Full adoption of NaaS is still in its early days because it requires physical hardware to transport data to and from endpoints and the data center or internet. The available options provide overlay networking services that can be enabled and delivered in the cloud with minimal or no management of on-premises hardware. These include:
-Secure work-at-home networking and remote access
-Security including firewalls, DDOS protection, and Web security gateways
-Management, orchestration and network automation (MANO)
-Multi-cloud network access and control
NaaS enables rapid provisioning of new sites and new services as well as the elasticity to readily scale up and scale down as demand changes.
NaaS makes it possible to moving significant CAPEX to OPEX, allows outsourcing some or all of the resources needed to network a given location or category of users.
An enterprise NaaS is not without its challenges. Because the service is relatively new, NaaS pricing is still uncertain, so business leaders may find operational costs may be more than they budgeted for. Also as NaaS is enabled by fast, low-latency internet services, any interruption in WAN connectivity may seriously degrade enterprise network operations. Adopting NaaS will require a transition from the current enterprise model where highly trained in-house network engineers operate all the networking hardware.
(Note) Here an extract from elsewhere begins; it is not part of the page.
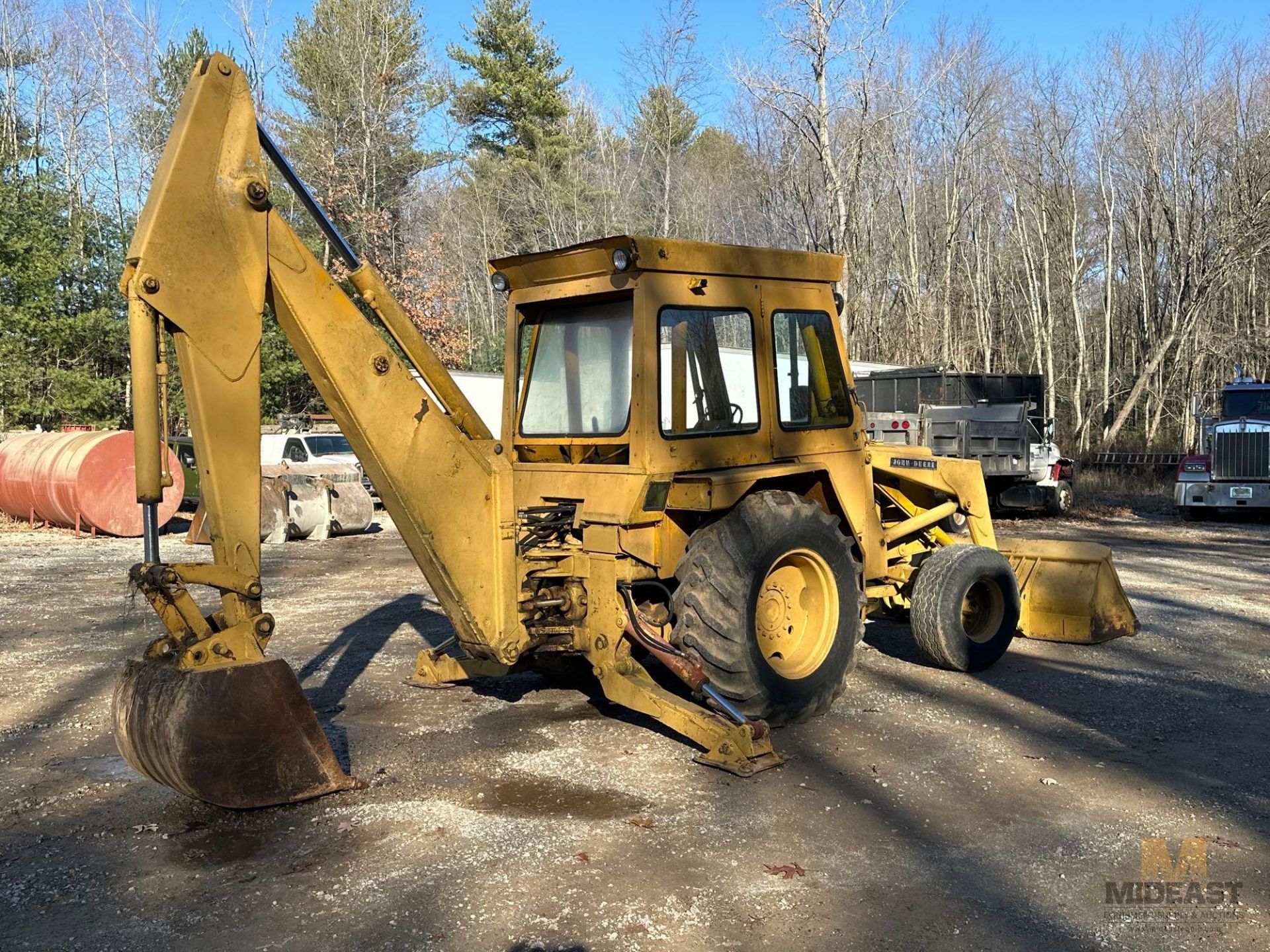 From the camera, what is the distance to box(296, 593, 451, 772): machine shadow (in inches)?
251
While most enterprises will continue to run physical networks on-premises, they will add cloud-based intelligence including MANO and security.
Over the next five-plus years, IT teams will increasingly adopt NaaS as suppliers deliver hybrid offerings that include software, cloud intelligence, and the option for management of on-premises hardware. The best fits for adoption now are greenfield sites, temporary locations, and small branch offices. NaaS offerings will also be attractive to network remote, home and mobile workers who need reliable application performance.